That Ol' OEM Code Page

If you have a regular U.S. or Western European (Windows-1252) system locale code page, try this:

  1. copy and paste these 4 characters ÂÄÒÙ into notepad
  2. save it as oem.txt
  3. open a DOS window and cd to the directory where you saved it
  4. enter: type oem.txt

Do you see ┬─╥┘ instead of ÂÄÒÙ? Why? That is because your system local "ANSI" code page is different than your DOS "OEM" code page.

So what is going on? Well it is very simple actually. When you copied and pasted those characters from your browser to notepad they were encoded in the Windows clipboard Unicode text format UTF-16 i.e. four 16-bit values 00c2 00c4 00d2 00d9. Internally, notepad kept it in Unicode, but when it saved the file, it saved it in your default system locale ("ANSI") code page Windows-1252 i.e. four 8-bit values (bytes) c2 c4 d2 d9. The byte values happen to be the same as the Unicode values, but this is only because many of the Windows-1252 codes happen to be the same as the Unicode code points, but it is not always true (n.b. the euro is 80 in Windows-1252, but 20ac in UCS-2 -- U+0080 is not the Euro!).

Now you've got a file called oem.txt containing these four bytes: c2 c4 d2 d9, and any program can interpret them however they like. The DOS type command puts the text into the screen memory.
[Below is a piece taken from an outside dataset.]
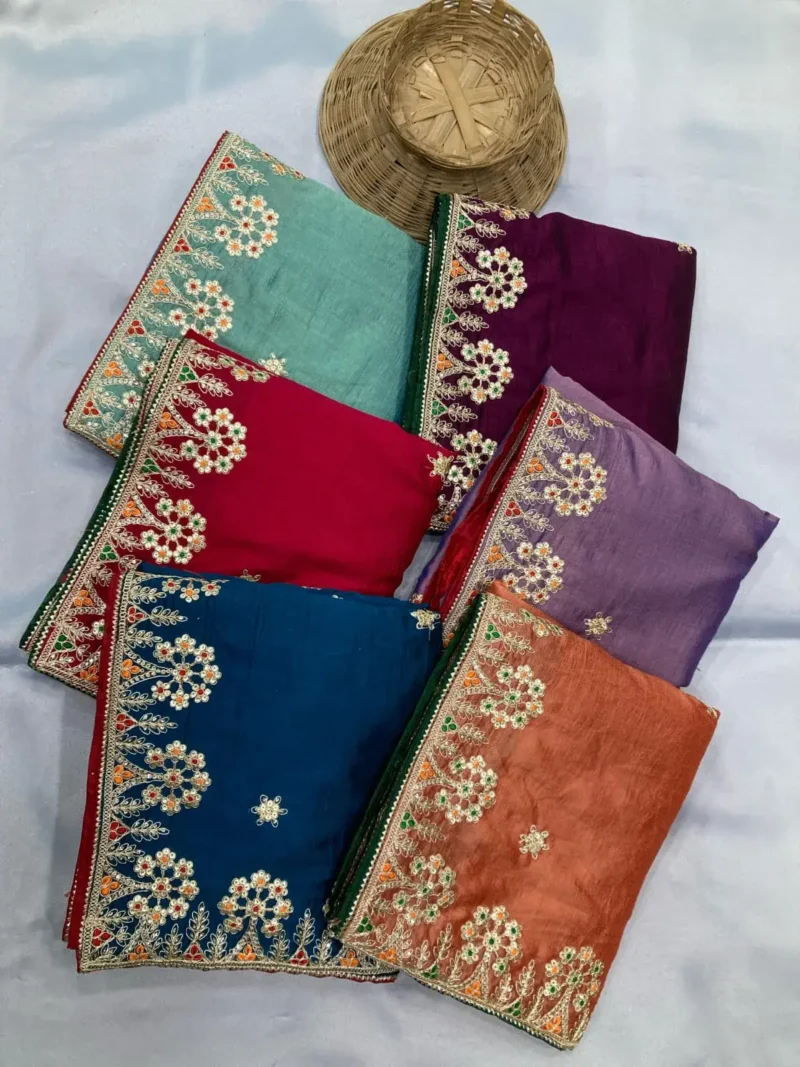 Two Tone Soft Silk Embroidery With Constance Piping Border Work Saree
The DOS console screen displays the text according to the default system OEM code page which is OEM 437 (also known as "IBM437"):

  • C2 = U+252C : BOX DRAWINGS LIGHT DOWN AND HORIZONTAL
  • C4 = U+2500 : BOX DRAWINGS LIGHT HORIZONTAL
  • D2 = U+2565 : BOX DRAWINGS DOWN DOUBLE AND HORIZONTAL SINGLE
  • D9 = U+2518 : BOX DRAWINGS LIGHT UP AND LEFT

For comparison, here is Windows 1252 for the same character codes:

  • C2 = U+00C2 : LATIN CAPITAL LETTER A WITH CIRCUMFLEX
  • C4 = U+00C4 : LATIN CAPITAL LETTER A WITH DIAERESIS
  • D2 = U+00D2 : LATIN CAPITAL LETTER O WITH GRAVE
  • D9 = U+00D9 : LATIN CAPITAL LETTER U WITH GRAVE

Back in the DOS days we used the box drawing characters to draw borders around menus and message boxes, even to draw "graphical" things in text-based games. So for DOS software to keep working, that same character set needs to be in place. But in Windows, support for Western European languages was much more important because lines and boxes could be drawn with pixel graphics. Windows-1252 (and the Latin-1 it is based on) supports about 20 languages from Swedish to Afrikaans.

But the box drawing characters were so important in DOS that they tried to include most of them across all the OEM code pages. However, in the Multilingual code page 850 d2 was used for Ê instead of which was probably considered less essential because it joined single and double lines. Here is OEM 850 showing the same characters as OEM 437 except d2:

  • C2 = U+252C : BOX DRAWINGS LIGHT DOWN AND HORIZONTAL
  • C4 = U+2500 : BOX DRAWINGS LIGHT HORIZONTAL
  • D2 = U+00CA : LATIN CAPITAL LETTER E WITH CIRCUMFLEX
  • D9 = U+2518 : BOX DRAWINGS LIGHT UP AND LEFT

So if your OEM code page was 850 instead of 437, our oem.txt example would type out to the screen as ┬─Ê┘.

The command line program chcp will display the OEM code page. You can also specify a code page number and change the OEM code page, but read the remarks in the documentation about that. I found that I could only see changes between single byte code pages if the console was set to Full Screen. The Japanese double byte code page 932 (only available when you have installed support for East Asian languages) did not require Full Screen but chcp clears the console and changes the font when switching.